*** Begin section ***

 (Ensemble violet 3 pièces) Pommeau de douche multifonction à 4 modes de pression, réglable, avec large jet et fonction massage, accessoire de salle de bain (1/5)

*** End section ***
*** Begin section ***

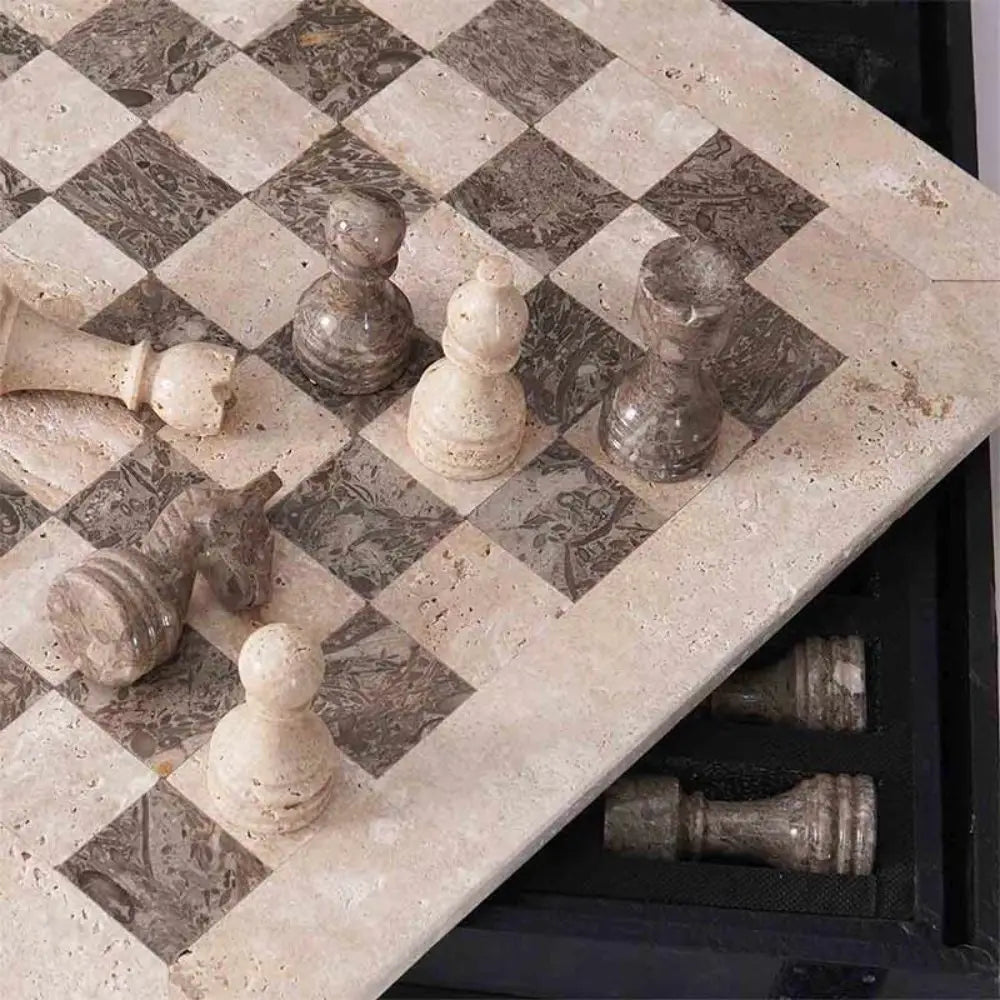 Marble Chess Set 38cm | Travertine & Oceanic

*** End section ***
*** Begin section ***

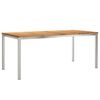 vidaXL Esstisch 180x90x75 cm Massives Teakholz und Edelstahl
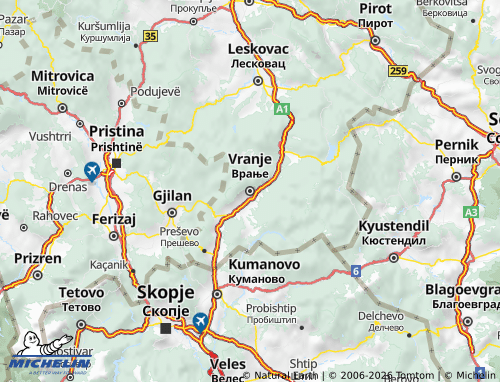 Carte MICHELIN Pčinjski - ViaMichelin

*** End section ***

→ Instructions for the task
"vidaXL Esstisch 180x90x75" marks the first line to copy, and "Carte MICHELIN Pčinjski - ViaMichelin" marks the last. Repeat that stretch above exactly, with no pictures.

→ Written solution
 vidaXL Esstisch 180x90x75 cm Massives Teakholz und Edelstahl
 Carte MICHELIN Pčinjski - ViaMichelin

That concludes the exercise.